Substitutions save Mexico in back-and-forth win over Costa Rica
MONTERREY, Mexico — The Mexican national team had to rally twice on Thursday night to ultimately beat CONCACAF rivals Costa Rica in a entertaining friendly at Estadio Universitario. Here are three thoughts from Mexico’s win over Costa Rica.
1. Super-subs rescue win for Mexico
This was a flawed, but ultimately satisfactory night for Mexico. The 3-2 victory over Costa Rica ended a streak of four consecutive losses and after being down 2-1 at half-time, El Tri should be happy with what was a positive second-half display.
The difference between the first 45 minutes and the second for Mexico? Coach Ricardo “Tuca” Ferretti’s substitutions.
Ferretti stated on the eve of the game that he was still considering whether to start any of the seven Europe-based players and he ultimately decided not to. The resulting starting XI was all Mexico-based and had an average age of 23 years, with nine of the eleven aged 25 or under. On the other side, Keylor Navas-led Costa Rica wasn’t far from being full-strength, with new head coach Gustavo Matosas looking on from the stands in Estadio Universitario.
Ferretti’s substitutions, however, changed the game. Striker Henry Martin and winger Jurgen Damm were brought on at half-time and combined to level the score at 2-2 in the 56th minute, with Damm providing the cross for Martin to head in.
After an hour, Jesus “Tecatito” Corona and Raul Jimenez entered the field as Mexico chased the game.
It worked. Martin drew a foul in the penalty area from David Guzman in the 70th and Jimenez stepped up to net what turned out to be the winning goal in front of 35,827 — six thousand below the capacity of the stadium.
It turned out to be an exciting game, one which gave us some insight into where these young national team players are at.
The answer was seen in the second half as Mexico wrestled the game from Costa Rica directly because more experience came onto the field. This crop of young Mexico players is still green, but they’ll gain vital experience from nights like this.
2. Mexico’s young defense suffers against Costa Rica’s experience
When Gibran Lajud almost allowed a loose ball to slip under his foot and into the goal in pretty much his first touch in international soccer, the tone was kind of set for a nervous defensive performance by the home side.
It was perhaps expected given that the starting back five, including Lajud, had an average age of under 22 years old. With Costa Rica’s assistant Ronald Gonzalez fielding an attack including Joel Campbell, Bryan Ruiz and Johan Venegas, this was always going to be a difficult night.
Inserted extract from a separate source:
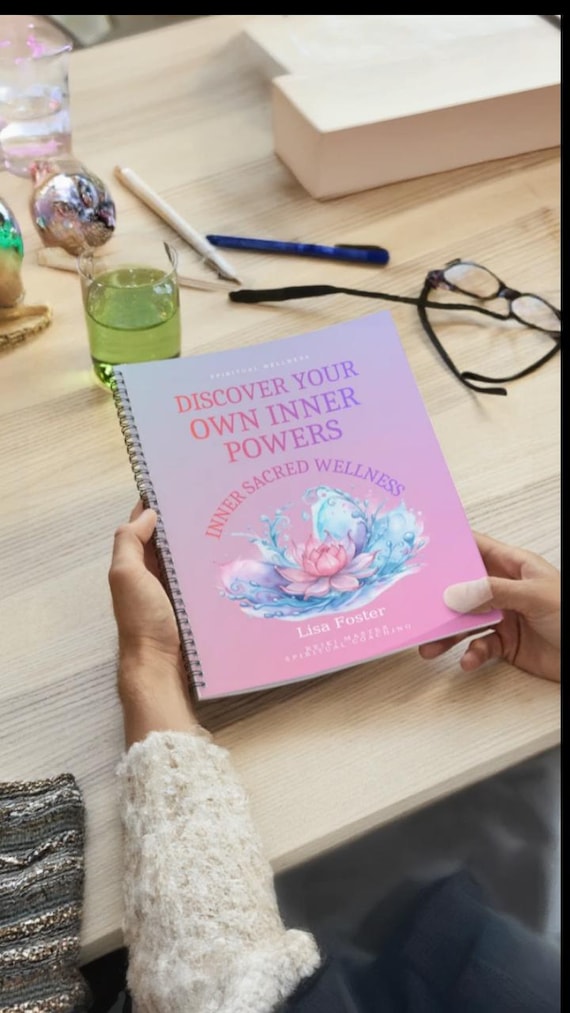 Discover Your Inner Powers PDF| Spiritual Wellness, Intuition Guide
But as Ferretti said in the build-up, this is the kind of experience that these young players need. Costa Rica’s first-half goals came from defensive errors from Mexico that will certainly need to be learned from. Bryan Oviedo’s cross to Campbell at the far post should’ve been better dealt with by Gerardo Arteaga and Jesus Angulo, but there was confusion amongst the Santos Laguna teammates over which should’ve been putting pressure on the Frosinone forward.
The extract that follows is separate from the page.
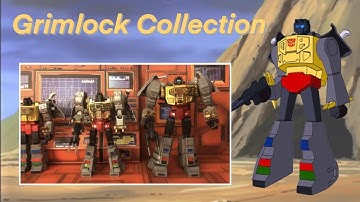 Transformers Grimlock Collection - Masterpiece, FansToys, Studio Series, MechFansToys, ToyWorld, G1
Angulo’s positioning was strange overall, with the 20-year-old played by Ferretti in a left center-back role, despite the fact he plays as left-back for his club side. Then there was Josecarlos Van Rankin, who assisted a goal, but who gave away a penalty in the 42nd, handling an Oviedo cross. It wasn’t a deliberate handball, but at international level you can’t be charging down the ball with arms flailing like a goalkeeper coming out to make a save.
Things improved after the break, with Duenas moved to right-back to replaced Van Rankin and Raul Gudino coming on for the nervous-looking Lajud.
3. Tepid response from Monterrey crowd
There are regular calls for Mexico to play more games in outside of Mexico City, where the fans rarely get to see the national team. And most of those debates at some point mention how good Monterrey fans are at supporting local Liga MX teams Tigres and Rayados.
This was the first time the Mexican national team had played a friendly inside Mexico but outside the capital in almost three years. And the result was mixed. Tickets were sold at $23 USD and up at the ticket office — expensive for a game in Mexico — but outside the stadium scalpers were offering them for below that price. That’s never a good sign.
The atmosphere outside the stadium beforehand was flat, but that may have been expected given the squad is both shorn of a full-time manager and without Europe-based stars like Javier Hernandez, Andres Guardado and Guillermo Ochoa. On top of that, the memory of Mexico going out of the World Cup at the round-of-16 stage once again is still fresh. There was no training session in Monterrey ahead of the game, with the team staying in their Mexico City base until Wednesday afternoon. It was also very much a Tigres crowd, with the club promoting the game in the club’s home stadium and Rayados staying out of the promotion.
But when the game got underway, the crowd started to warm up. The “wave,” which legend states originated in this stadium, started to do laps, and “Cielito Lindo” rang out and the majority of the seats were occupied.
All in all, the FMF would’ve seen little to convince them that playing more friendlies in Mexico is better than in the comfort of the United States.